╭─ The data
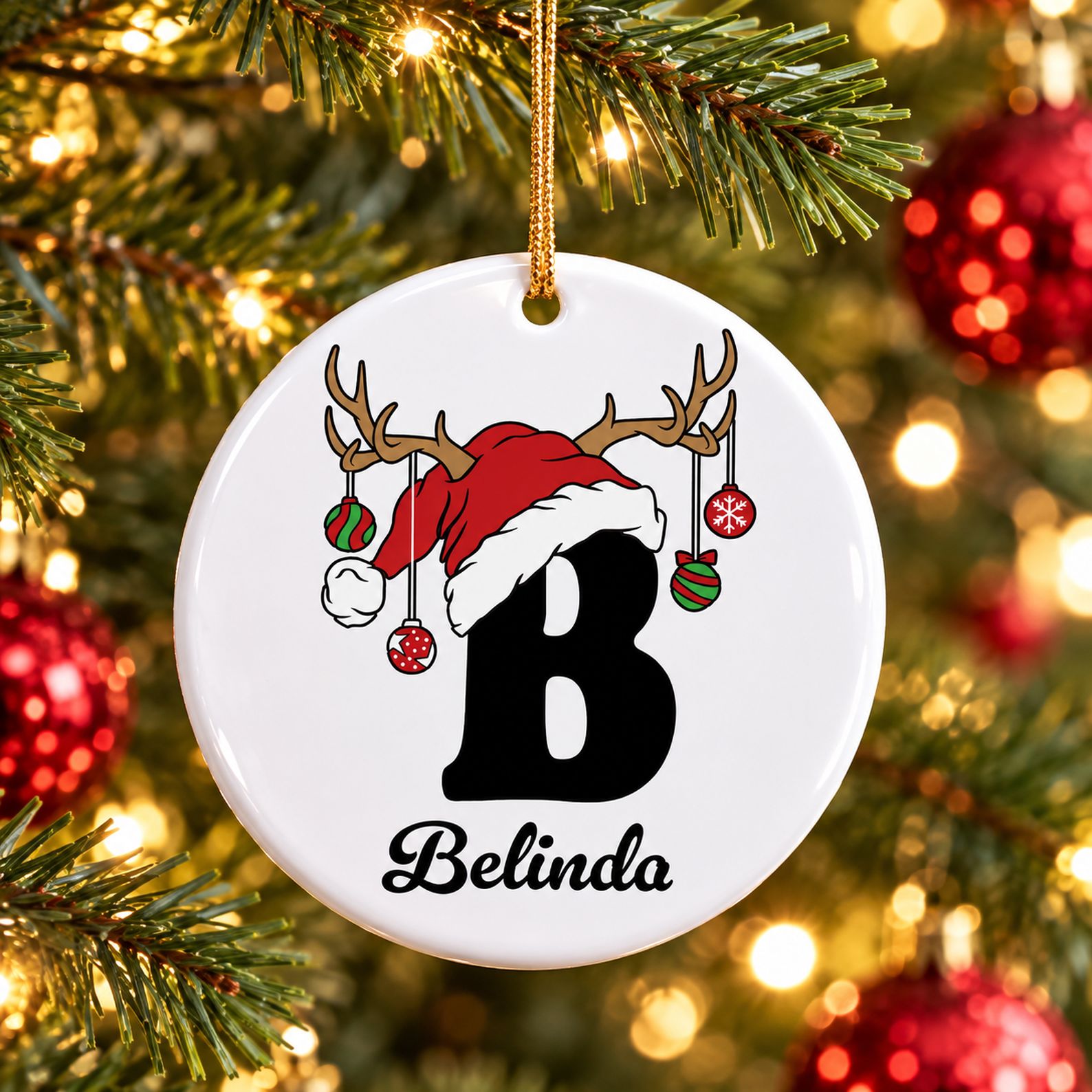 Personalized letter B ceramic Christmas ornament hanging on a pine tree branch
╰─
╭─ The data
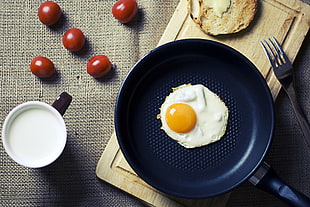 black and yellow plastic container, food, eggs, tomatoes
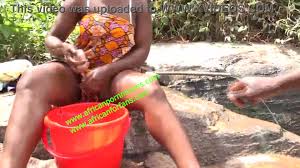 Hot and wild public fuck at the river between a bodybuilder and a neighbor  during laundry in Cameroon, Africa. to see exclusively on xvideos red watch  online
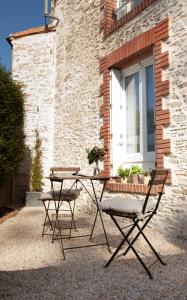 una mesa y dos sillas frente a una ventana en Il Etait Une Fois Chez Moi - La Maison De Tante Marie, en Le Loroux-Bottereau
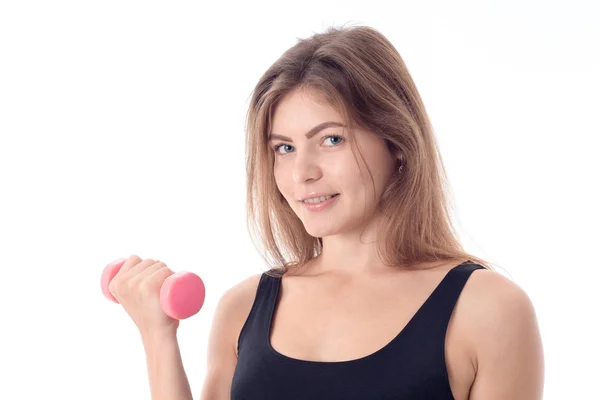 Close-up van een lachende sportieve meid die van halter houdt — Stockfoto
╰─
To complete this exercise, transcribe exactly the lines above from the one that holds "Hot and wild" through the one that holds "una mesa y dos". Pictures stay out.

# Answer to the problem
 Hot and wild public fuck at the river between a bodybuilder and a neighbor  during laundry in Cameroon, Africa. to see exclusively on xvideos red watch  online
 una mesa y dos sillas frente a una ventana en Il Etait Une Fois Chez Moi - La Maison De Tante Marie, en Le Loroux-Bottereau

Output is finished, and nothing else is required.